By the end of this section, students will be able to:

  • Explain when and how to use post hoc testing 
  • Explain the concept of multiple comparisons and be able to correct for it in their analysis
  • Apply extensions to the basic ANOVA test and interpret their results
  • Explain when and how to use repeated measures statistics

You can download a copy of the slides here: B2.3 Two-way ANOVA

B2.3 PRACTICAL: R

We can also use the ANOVA to further investigate the effect of different categorical explanatory variables.

To demonstrate this, we are going to use a two-way ANOVA to examine multiple explanatory variables and interactions between them.

To continue our example, we want to examine if there are significant differences in the mean SBP between BMI groups that also smoke (or not).

For a two-way ANOVA the command is the same as in B2.1, but with a second variable:

white.data$smoked<-factor(white.data$currsmoker)

model2<- aov(sbp~bmi_fact+smoked, data=white.data)

To make this a two-way factorial ANOVA (i.e with an interaction between the independent variables), we substitute an ‘*’ for the ‘+’ sign:

model3<- aov(sbp~bmi_fact*smoked, data=white.data)

> summary(model3)

                        Df  Sum Sq Mean Sq F value   Pr(>F)   

bmi_fact           3    6415  2138.2   6.981 0.000111 ***

smoked             1     190   189.6   0.619 0.431468   

bmi_fact:smoked    3    1558   519.2   1.695 0.165772   

Residuals       4288 1313282   306.3                    

Signif. codes:  0 ‘***’ 0.001 ‘**’ 0.01 ‘*’ 0.05 ‘.’ 0.1 ‘ ’ 1

31 observations deleted due to missingness

  • Question B2.3a: Run the two-way factorial ANOVA and interpret your output.
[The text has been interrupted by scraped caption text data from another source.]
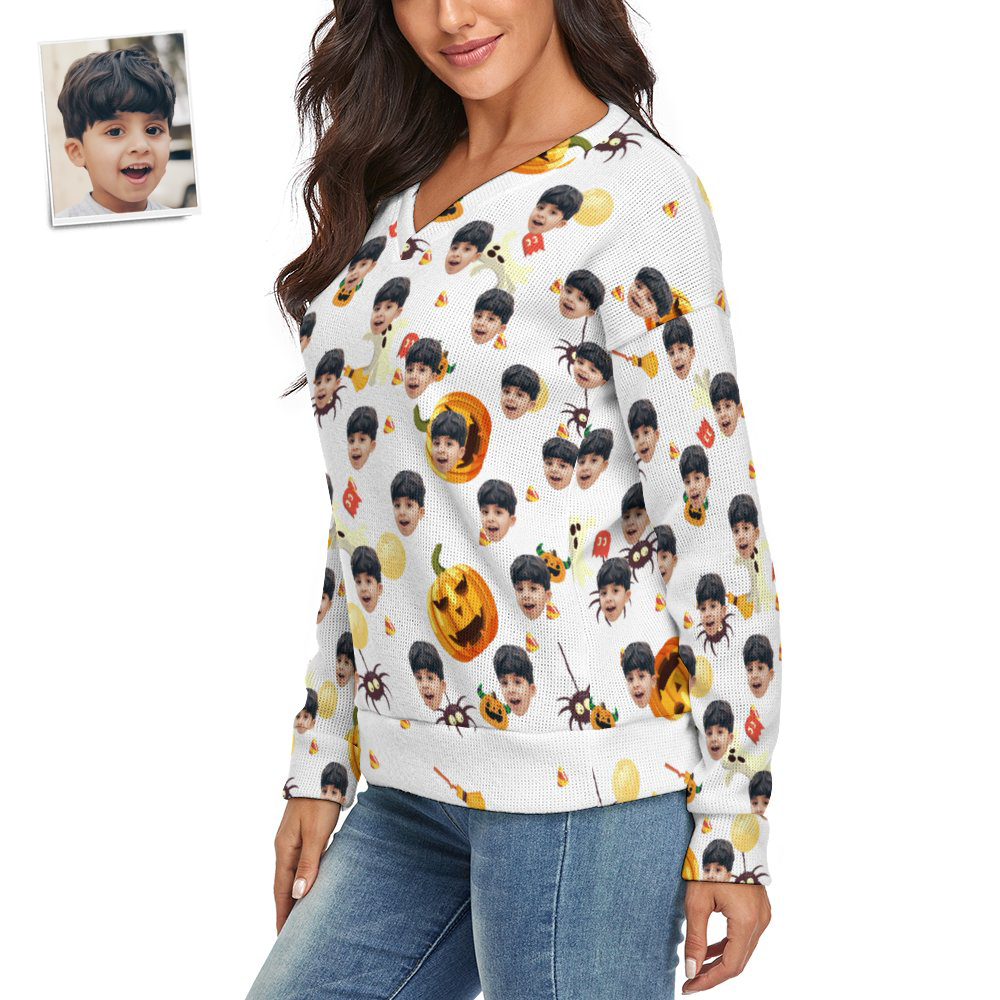 Custom Face Women V-Neck Halloween Sweater Halloween Pumpkin Theme Spandex Comfortable - MyFaceSocksAu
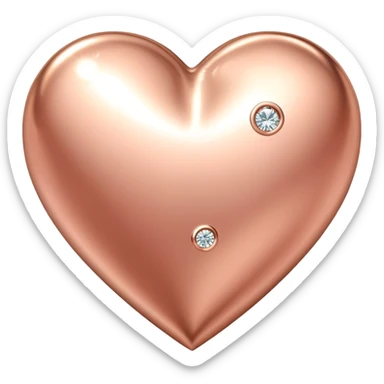 Sparkling rose gold heart with tiny diamond accents sticker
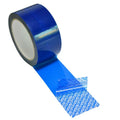 Blue tamper-evident void seal tape roll dispensing VOID-pattern strip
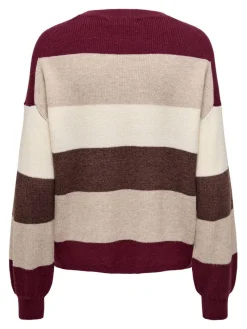 Only Neulepuserot|neule Onlatia L/S Stripe Zinfandel whitecap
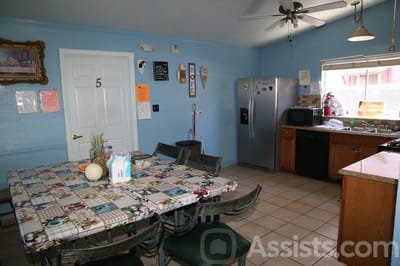 Interior view of a facility kitchen and dining area
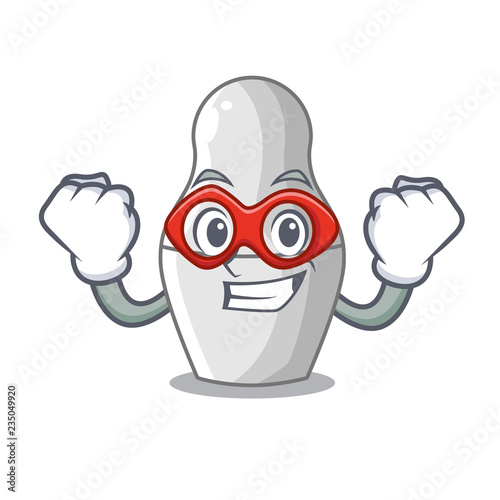 Super hero unpainted nested Russian dolls on cartoon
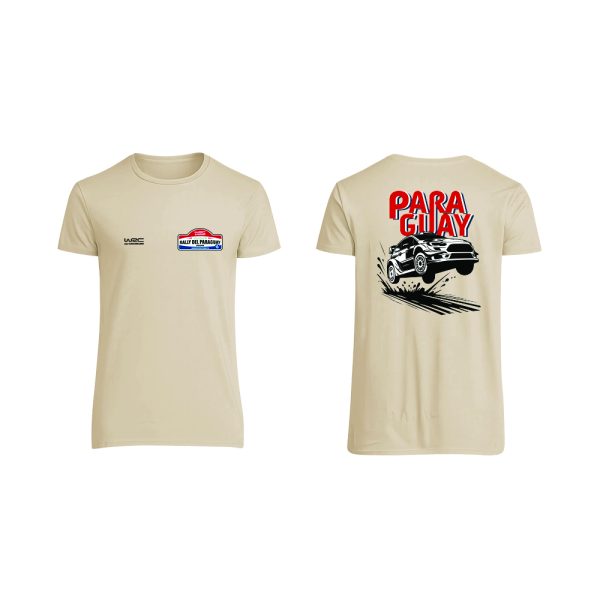 Remeras Cuello Redondo Beige Oficial WRC 2025 Versión 1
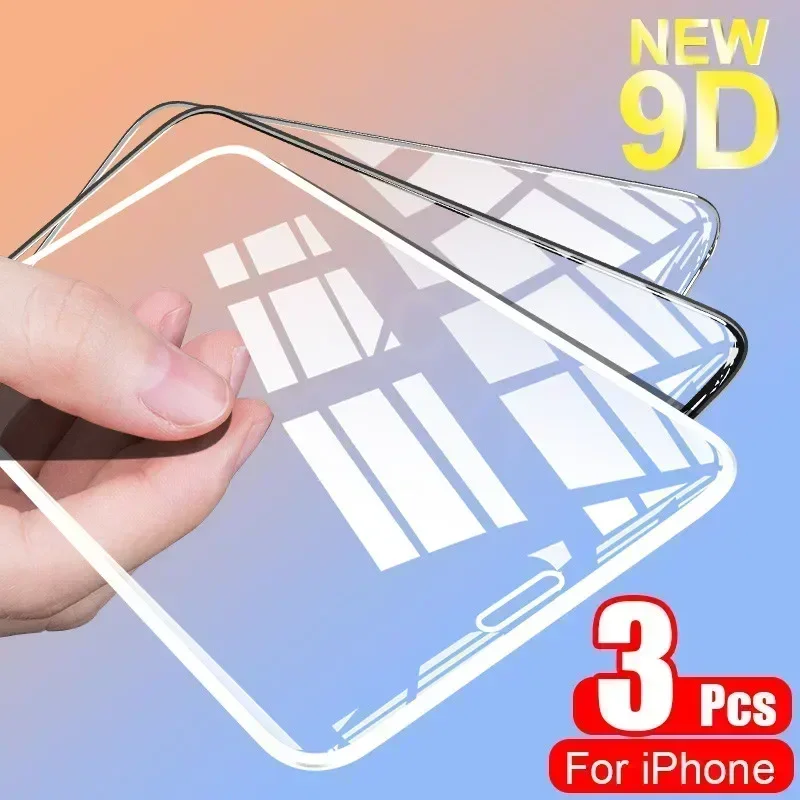 

Защитное стекло для iPhone 11, 12 Pro Max, XS, XR, 7, 8, 6s Plus, SE, 3 шт.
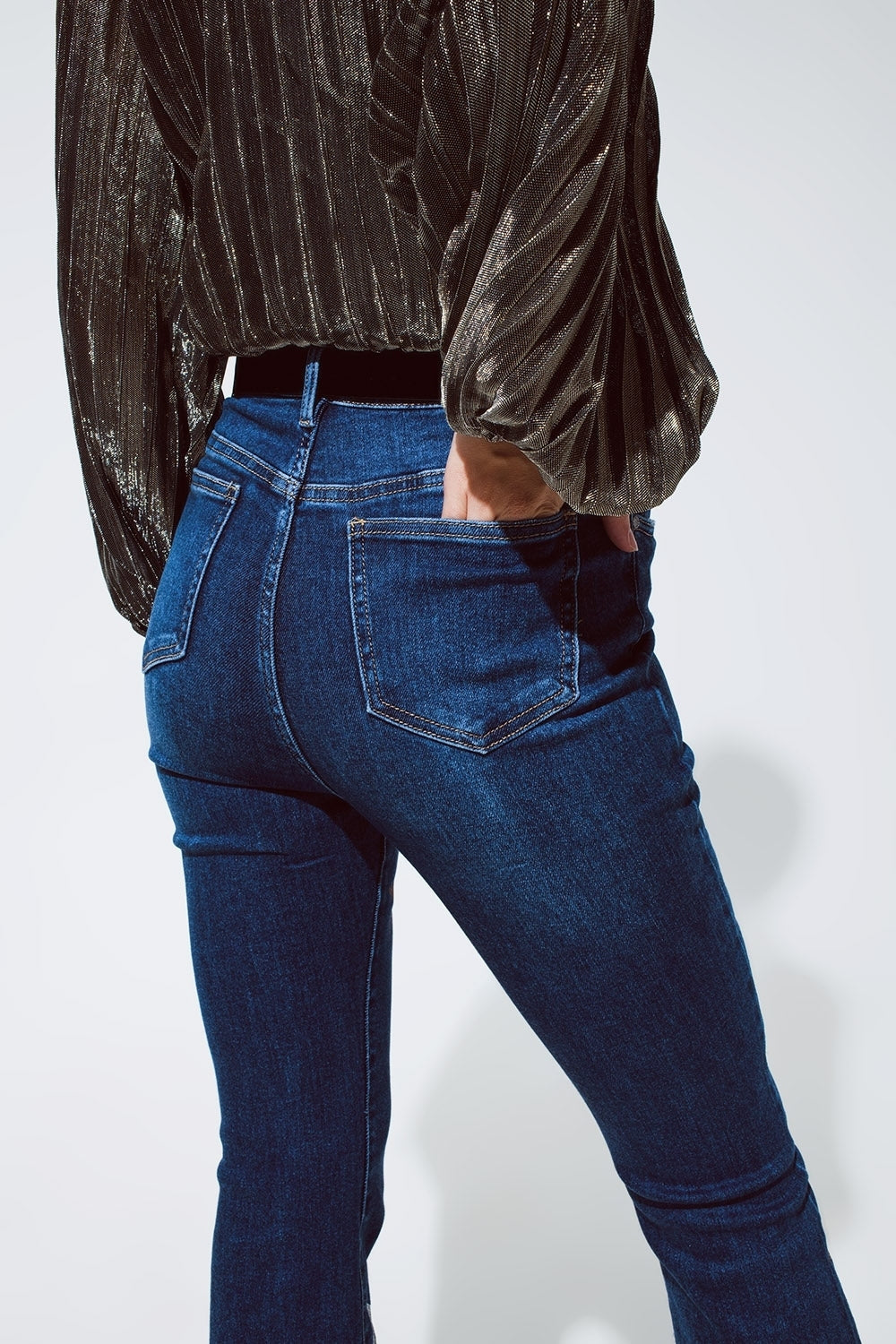 Flared Women Jeans With Shiny Stars Detail in Blue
How does this compare to the previous test on these relationships?  
  • Question B2.3b: When we are using interaction terms like this if they do not contribute to the model (i.e. are not significant) we can remove them and see if this makes a difference to the other relationships. Go back and run the test a second time but without the interaction between BMI group and current smoking included. What do you notice?
Answer

Answer B2.3a: Test one, including the interaction term, shows a significant relationship between BMI group and SBP but current smoking and the interaction are non-significant. The interaction is adding the least to the model (has the highest P value).

Answer B2.3b:

> model2<- aov(sbp~bmi_fact+smoked, data=white.data)

> summary(model2)

  Df  Sum Sq Mean Sq F value   Pr(>F)   

bmi_fact       3    6415  2138.2   6.978 0.000111 ***

smoked         1     190   189.6   0.619 0.431580   

Residuals   4291 1314840   306.4                    

Signif. codes:  0 ‘***’ 0.001 ‘**’ 0.01 ‘*’ 0.05 ‘.’ 0.1 ‘ ’ 1

31 observations deleted due to missingness

When we remove the interaction term we see the BMI grouping is still showing a significant relationship on its own, but that current smoker is not. If you go back to practical B1.4 you can compare these results to those from the multivariable linear regression which included these two variables plus LDL-C. You can see that ANOVA without the interaction, is very similar to the linear regression. More on this in section B2.6

Minimal Adequate Model

As current smoker is also non-significant on its own, so you could choose to remove this as well and see what happens to the model. This is a simplified method of model optimisation known as the Minimal Adequate Model, meaning that you remove variables in order from least significant to most significant, until you end up with the simplest model you can. This can be a helpful process if you need to mentally work through your model and understand what each part is contributing. You never want to remove a variable that is significant on its own, or part of a significant interaction, but you can see how removing other non-significant variables can change the overall model. You can do this with any type of General Linear Model.

B2.3 PRACTICAL: Stata

We can also use the ANOVA to further investigate the effect of different categorical explanatory variables.

To demonstrate this, we are going to use a two-way ANOVA to examine multiple explanatory variables and interactions between them.

For a two-way ANOVA the command is:

anova outcome_var var1 var2

Var1 and var2 are assumed to be categorical (but you can override this).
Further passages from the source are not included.